I suddenly remembered the silly, single-serve websites like Is It Christmas or Is Mitt Romney The President and the idea popped into my head to see if there were any for the #shutdown. A few minutes later, I Instagrammed a screenshot of the Hover.com results for "isthegovernmentopen.com" showing that it was in fact available. This immediately led to a smattering of "Do It!" comments and the normal "You're Insane" glare from my wife, so of course I had to go for it.
Finding the perfect GIF
There was a big part of me though that wasn't going to do it. I really didn’t think that the typical giant "NO" was going to make it worth the time and if I was going to buy yet ANOTHER domain, it had to be worth it. That's when I re-stumbled upon this amazing, near-perfect loop of President Obama being locked out in the White House rose garden.
You see, I have a few other "giant GIF" website— Bummersauce.com and HowMuchIsMoney.com — which were created to be the perfect one-liner response to someone complaining on social media, and this GIF of the President was the absolute best response to people posting comments about the shutdown. Plus, I think that it brought a fairly unique sense of bipartisan levity to the situation.
Quick and easy
But, this is where I had to make myself comfortable with hitting the "Easy Button", so-to-speak, and to not waste a bunch of time over-engineering the thing. I didn't need a CMS. I didn't need any special fonts. I just needed a single HTML file, a few lines of CSS, and the GIF.
Within something like 30 minutes from the time that my initial Instagram went up, I had acquired the domain, built the site, run 2 simple commands to publish it to GitHub Pages, and had it on CloudFlare's worldwide CDN. IsTheGovernmentOpen.com was built and out the door in a matter of minutes.
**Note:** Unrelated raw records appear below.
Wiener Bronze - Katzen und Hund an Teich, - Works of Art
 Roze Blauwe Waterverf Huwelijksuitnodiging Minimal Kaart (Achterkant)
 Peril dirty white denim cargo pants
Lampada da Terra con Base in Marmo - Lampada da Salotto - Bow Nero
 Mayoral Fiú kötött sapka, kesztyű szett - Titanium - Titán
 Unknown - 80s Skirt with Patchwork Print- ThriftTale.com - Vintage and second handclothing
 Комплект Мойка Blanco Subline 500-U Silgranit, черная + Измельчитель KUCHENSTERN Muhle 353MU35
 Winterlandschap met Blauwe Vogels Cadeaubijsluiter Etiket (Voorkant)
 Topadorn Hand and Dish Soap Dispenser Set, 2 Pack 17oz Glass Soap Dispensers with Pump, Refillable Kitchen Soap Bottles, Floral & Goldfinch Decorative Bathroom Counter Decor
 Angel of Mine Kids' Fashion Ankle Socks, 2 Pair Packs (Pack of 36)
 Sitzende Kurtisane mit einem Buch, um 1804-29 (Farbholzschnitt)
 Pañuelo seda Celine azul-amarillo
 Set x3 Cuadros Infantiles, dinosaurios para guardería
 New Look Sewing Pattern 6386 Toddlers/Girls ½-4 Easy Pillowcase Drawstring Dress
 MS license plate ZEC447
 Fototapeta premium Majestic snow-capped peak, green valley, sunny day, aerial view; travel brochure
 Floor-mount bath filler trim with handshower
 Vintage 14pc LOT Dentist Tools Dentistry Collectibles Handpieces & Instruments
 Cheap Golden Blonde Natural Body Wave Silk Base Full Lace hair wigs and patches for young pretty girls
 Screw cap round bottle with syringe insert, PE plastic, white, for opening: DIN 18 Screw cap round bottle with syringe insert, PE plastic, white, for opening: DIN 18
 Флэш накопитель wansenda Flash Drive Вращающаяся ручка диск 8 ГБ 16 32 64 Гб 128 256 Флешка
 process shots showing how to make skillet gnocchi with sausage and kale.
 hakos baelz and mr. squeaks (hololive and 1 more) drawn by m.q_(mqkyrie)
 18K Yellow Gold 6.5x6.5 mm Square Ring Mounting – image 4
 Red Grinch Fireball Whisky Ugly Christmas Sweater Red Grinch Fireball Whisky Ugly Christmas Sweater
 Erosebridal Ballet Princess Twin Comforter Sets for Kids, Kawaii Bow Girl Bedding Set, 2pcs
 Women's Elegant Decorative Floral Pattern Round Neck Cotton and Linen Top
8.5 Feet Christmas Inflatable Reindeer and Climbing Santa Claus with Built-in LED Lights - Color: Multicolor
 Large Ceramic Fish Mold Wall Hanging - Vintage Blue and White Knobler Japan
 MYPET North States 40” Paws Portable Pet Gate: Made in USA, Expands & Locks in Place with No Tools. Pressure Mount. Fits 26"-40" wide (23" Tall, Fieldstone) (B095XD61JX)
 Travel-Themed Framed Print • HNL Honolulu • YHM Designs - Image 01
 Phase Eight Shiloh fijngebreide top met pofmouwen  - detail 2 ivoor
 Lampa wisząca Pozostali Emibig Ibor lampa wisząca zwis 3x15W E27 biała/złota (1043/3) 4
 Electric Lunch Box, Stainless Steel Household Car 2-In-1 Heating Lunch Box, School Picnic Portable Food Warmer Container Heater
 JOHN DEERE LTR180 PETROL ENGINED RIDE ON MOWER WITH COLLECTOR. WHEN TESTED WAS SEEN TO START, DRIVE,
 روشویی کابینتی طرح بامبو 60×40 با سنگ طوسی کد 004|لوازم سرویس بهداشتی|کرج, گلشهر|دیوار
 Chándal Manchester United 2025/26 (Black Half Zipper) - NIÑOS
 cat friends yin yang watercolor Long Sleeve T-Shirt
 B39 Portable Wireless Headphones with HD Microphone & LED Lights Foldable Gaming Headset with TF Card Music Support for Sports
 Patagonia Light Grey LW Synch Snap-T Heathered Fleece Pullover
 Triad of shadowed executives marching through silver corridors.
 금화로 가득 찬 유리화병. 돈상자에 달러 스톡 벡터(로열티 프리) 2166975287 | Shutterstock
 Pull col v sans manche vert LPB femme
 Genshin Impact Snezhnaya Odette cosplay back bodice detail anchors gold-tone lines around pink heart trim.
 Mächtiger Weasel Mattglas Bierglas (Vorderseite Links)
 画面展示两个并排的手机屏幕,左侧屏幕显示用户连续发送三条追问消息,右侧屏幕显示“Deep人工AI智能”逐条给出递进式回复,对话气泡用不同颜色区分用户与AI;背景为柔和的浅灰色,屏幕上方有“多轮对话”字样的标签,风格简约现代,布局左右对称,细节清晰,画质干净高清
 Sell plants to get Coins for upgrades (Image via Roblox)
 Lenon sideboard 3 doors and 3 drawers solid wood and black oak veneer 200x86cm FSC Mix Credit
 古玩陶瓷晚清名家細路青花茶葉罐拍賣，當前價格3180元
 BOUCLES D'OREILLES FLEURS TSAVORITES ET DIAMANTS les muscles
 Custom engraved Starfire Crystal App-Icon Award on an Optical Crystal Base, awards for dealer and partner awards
Originally, I thought that it would get a few hundred hits and be passed around by my friends here in St. Louis. But, by time that I went to bed that night, it already had 3,500 page views. I woke up to another 3,000 and something like 7,000 came in just during my morning commute. Immediately I knew that this was bigger than I could have expected and I was basically waiting for GitHub to call and tell me that they were shutting me/it down.
Well, about 11:30am UTC New York Magazine included the site in their government shutdown liveblog and traffic soared to something like 1200 concurrent users — and stayed that way for over 6 hours. But GitHub never called and the site stayed up.
Throughout the first two days, IsTheGovernmentOpen.com survived being simultaneously linked to by NY Magazine, Mashable, The Verge, Pophangover, the Harvard Nieman Lab, Vice, and nearly every funny GIF site imaginable, two separate posts staying on the front page of Reddit for almost 24 hours, being shared on Facebook 5,177 times, and over 3,969 tweets from many highly influential Twitter users, including Anonymous.
How CloudFlare helped
Up until this week, CloudFlare had been the simple DNS provider and no-assembly-required CDN that I would use to keep my annual event's site up on commodity servers, the go-to recommendation for our clients when setting up DNS for their projects, and the cool suggestion as a starting place for my peers if they were complaining about issues with their site's performance. But, throughout the onslaught that IsTheGovernmentOpen.com threw at my free CloudFlare and GitHub accounts this week, this is where I truly realized the power of CloudFlare.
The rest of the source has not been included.